Ability to learn is essential.
But I have two issues with this term:
Do we need a new term?
When I mentioned it to Alan Page his reaction was that he doesn’t see any difference from Knowledge worker. Basically, the ability to learn and keep in the loop is essential in all forms of knowledge work. I agree with him this clip from Scrubs makes this point really clear.

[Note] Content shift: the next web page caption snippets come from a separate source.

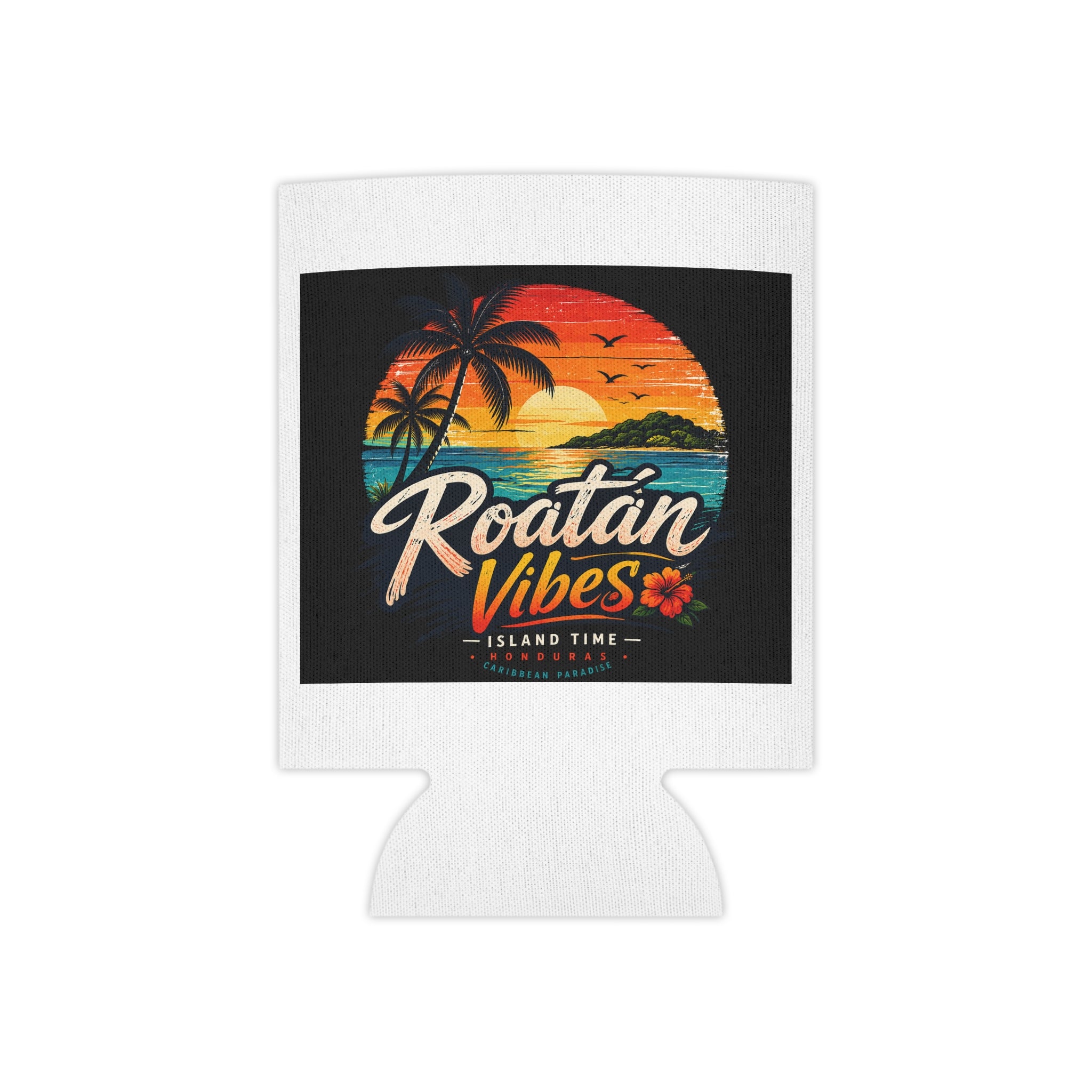 Roatán Vibes Can Cooler – Tropical Sunset Beach Drink Holder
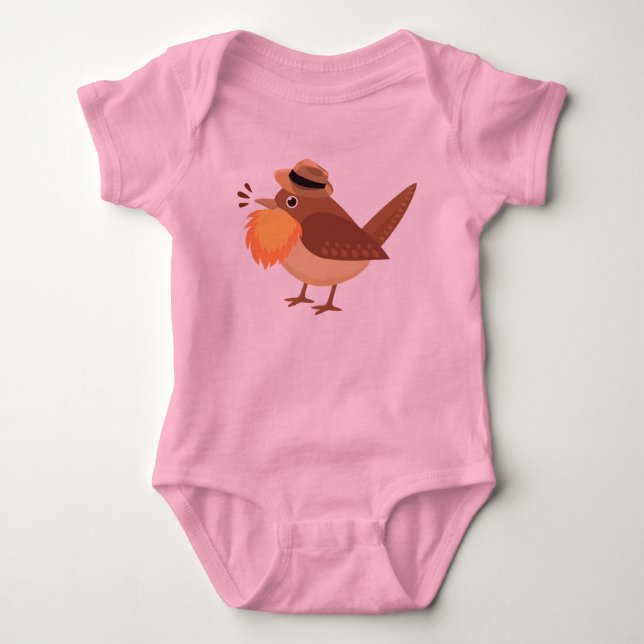 Bearded Birding One-Piece Baby Bodysuit (Front)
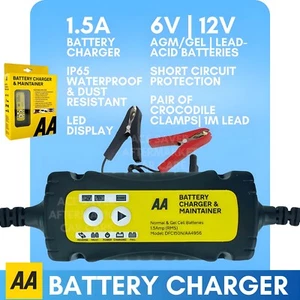 AA 12V 6V 1.5A Smart Battery Charger Maintainer Repair for Car Motorcycle - Picture 1 of 8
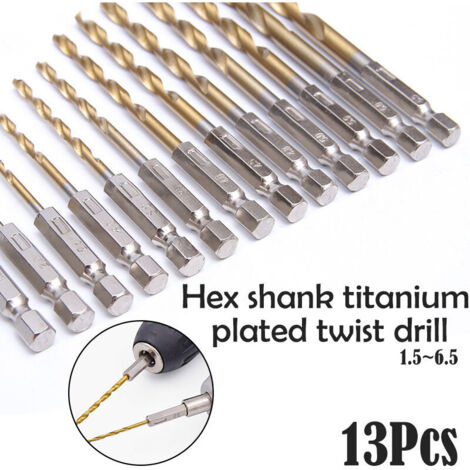 13 pièces 1.5mm - 6.5mm revêtu de titane HSS jeu de forets hexagonaux changement rapide rapide pour le plastique à bois (1/5)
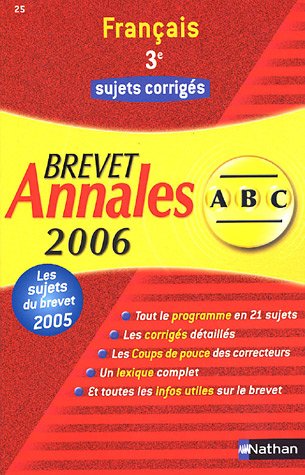 couverture de : Annales Brevet : Français 3e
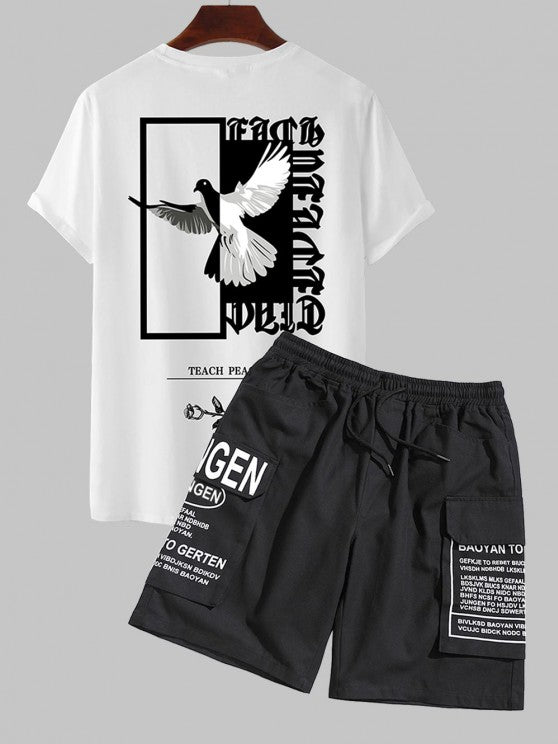 Eagle Letter T Shirt And Cargo Shorts - Grafton Collection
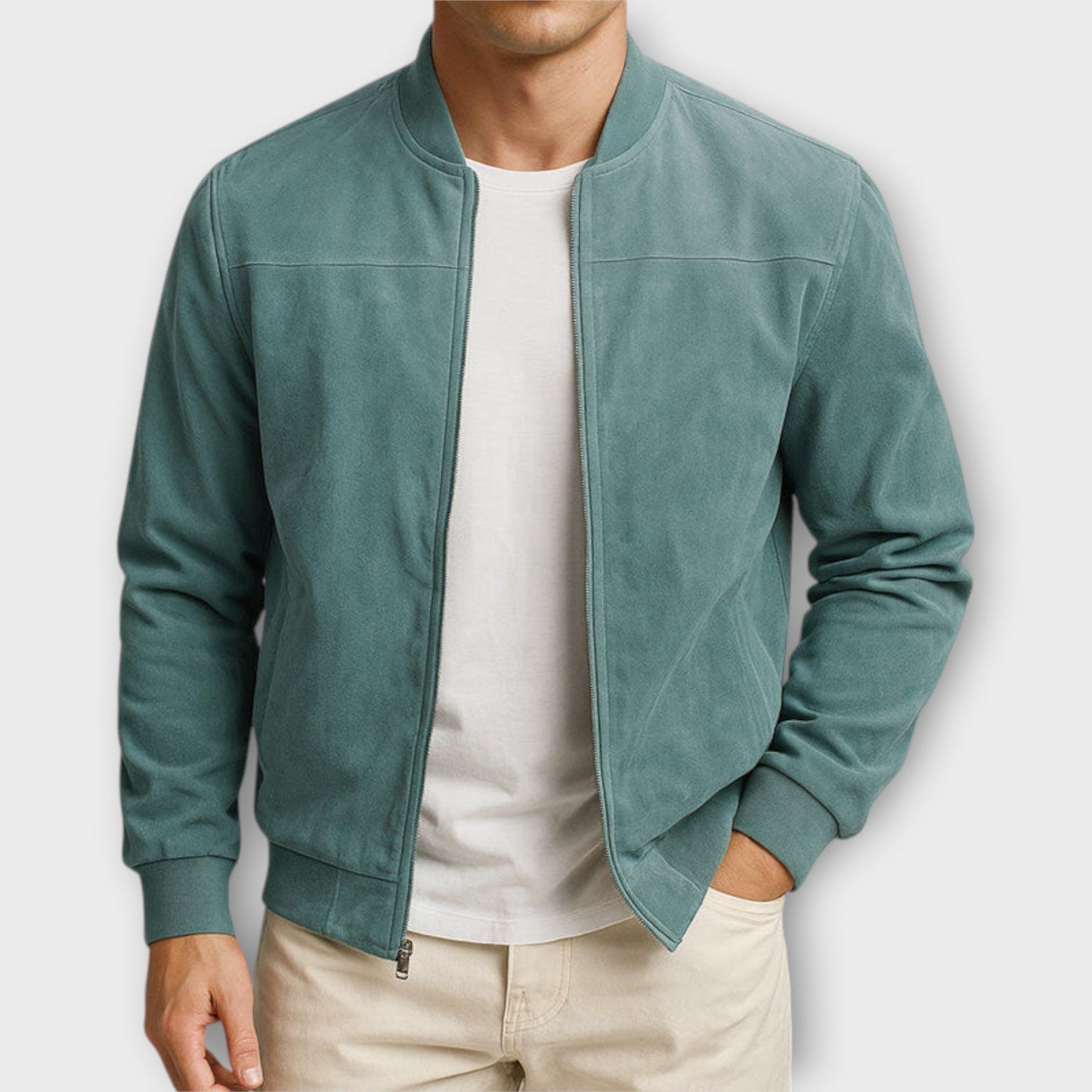 Sevanno | Men’s Suede Leather Bomber Jacket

But on the other side. I am a firm believer in so-called magic of the names
I’ve first read about learning organisations in the books about DevOps, I think in both Devops Handbook and Beyond the Phonix Project authors made the statement: "You either are learning organisation, or you are loosing to one". Their sentiment is shared by the author of The Lean Startup – in one chapter he states: If you project is successful, others will try to copy it. You need to out learn them. What I didn’t know that term Learning organisations is even older it was coined by Peter Singe and popularised in his book The Fifth Discipline. in his own words, a learning organisation is an organisation "where people continually expand their capacity to create the results they truly desire, where new and expansive patterns of thinking are nurtured, where collective aspiration is set free, and where people are continually learning to see the whole (reality) together." I don’t know about you but that sound more and more like start fish organisation to me. Learning organisation have also traits:
- Systems Thinking (Collaborative Learning Culture)
- Personal Mastery ("Lifelong Learning" Mindset)
- Mental Models (Room For Innovation)
- Shared Vision (Forward-Thinking Leadership )
- Team Learning (knowledge sharing)
In braces, I have put alternative names used in this article. I hope that you see a correlation between them and our discussion on knowledge sharing. The motivation for learning and culture for knowledge sharing are traits of learning organisations.
Summing it up
This was a lengthy article. My goal here was to share some insight into the knowledge and its use in our work.
We started with a discussion about what is knowledge and is their difference between Knowledge and Information.
Later we discussed the concept of the knowledge worker and learning worker. What are the traits of the knowledge worker
Finally, we have come to knowledge sharing. How important it is and how learning organisation use their ability to learn to accumulate and use their knowledge.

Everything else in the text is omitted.